Exercise description:
In the entries below, the lines from the one with "COLLAR GEOMETRICO DORADO ACRILICO" through the one with "Laarzen a03 heren" are to be copied exactly; both ends count.

Source data:

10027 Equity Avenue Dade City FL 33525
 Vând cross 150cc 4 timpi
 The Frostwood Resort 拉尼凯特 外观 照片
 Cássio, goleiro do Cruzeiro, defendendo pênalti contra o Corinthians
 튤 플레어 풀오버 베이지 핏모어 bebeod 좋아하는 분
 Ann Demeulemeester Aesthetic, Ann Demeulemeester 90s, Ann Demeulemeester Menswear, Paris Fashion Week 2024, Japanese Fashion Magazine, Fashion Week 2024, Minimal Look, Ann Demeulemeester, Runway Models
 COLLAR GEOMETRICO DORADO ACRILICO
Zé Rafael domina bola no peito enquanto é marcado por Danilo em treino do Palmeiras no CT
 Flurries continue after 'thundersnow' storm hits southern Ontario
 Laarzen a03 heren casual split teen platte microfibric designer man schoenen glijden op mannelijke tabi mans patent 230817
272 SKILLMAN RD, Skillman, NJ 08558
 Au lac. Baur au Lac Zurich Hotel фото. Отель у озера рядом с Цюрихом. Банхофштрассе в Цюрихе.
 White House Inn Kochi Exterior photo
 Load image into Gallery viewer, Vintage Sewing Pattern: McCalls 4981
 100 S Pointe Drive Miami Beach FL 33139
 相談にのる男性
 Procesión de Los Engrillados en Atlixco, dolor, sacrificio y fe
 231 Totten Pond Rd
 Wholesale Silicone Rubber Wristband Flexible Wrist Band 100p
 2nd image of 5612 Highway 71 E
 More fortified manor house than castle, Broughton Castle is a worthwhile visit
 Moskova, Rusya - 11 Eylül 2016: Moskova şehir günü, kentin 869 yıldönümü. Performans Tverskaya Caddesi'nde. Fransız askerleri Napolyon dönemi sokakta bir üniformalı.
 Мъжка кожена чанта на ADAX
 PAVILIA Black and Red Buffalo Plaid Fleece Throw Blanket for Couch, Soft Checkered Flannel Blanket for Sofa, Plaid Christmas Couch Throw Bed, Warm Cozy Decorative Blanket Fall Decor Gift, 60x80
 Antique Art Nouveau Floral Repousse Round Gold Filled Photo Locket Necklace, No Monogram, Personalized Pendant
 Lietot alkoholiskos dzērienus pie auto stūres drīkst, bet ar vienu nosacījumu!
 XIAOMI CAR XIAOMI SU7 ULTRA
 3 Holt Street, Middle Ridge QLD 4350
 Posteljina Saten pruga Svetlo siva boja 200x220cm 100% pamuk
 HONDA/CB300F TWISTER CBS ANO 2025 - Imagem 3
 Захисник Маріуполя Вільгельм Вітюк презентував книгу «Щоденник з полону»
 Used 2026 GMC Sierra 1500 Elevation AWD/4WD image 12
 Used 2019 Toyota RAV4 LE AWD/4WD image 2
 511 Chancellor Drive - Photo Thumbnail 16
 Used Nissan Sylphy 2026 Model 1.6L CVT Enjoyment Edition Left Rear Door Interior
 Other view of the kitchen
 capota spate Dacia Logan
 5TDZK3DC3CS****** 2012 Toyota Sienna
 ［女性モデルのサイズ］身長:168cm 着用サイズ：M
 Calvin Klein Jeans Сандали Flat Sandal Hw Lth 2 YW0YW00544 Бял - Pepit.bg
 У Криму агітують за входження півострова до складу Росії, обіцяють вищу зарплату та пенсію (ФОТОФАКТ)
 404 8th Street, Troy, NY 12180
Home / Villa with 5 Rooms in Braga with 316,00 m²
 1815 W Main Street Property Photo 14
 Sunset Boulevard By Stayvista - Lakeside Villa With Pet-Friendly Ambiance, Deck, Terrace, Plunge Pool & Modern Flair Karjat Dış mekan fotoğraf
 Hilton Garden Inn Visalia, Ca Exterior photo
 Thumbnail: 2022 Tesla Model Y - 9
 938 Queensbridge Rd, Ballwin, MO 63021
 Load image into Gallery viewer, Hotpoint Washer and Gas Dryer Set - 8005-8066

Answer box:
 COLLAR GEOMETRICO DORADO ACRILICO
Zé Rafael domina bola no peito enquanto é marcado por Danilo em treino do Palmeiras no CT
 Flurries continue after 'thundersnow' storm hits southern Ontario
 Laarzen a03 heren casual split teen platte microfibric designer man schoenen glijden op mannelijke tabi mans patent 230817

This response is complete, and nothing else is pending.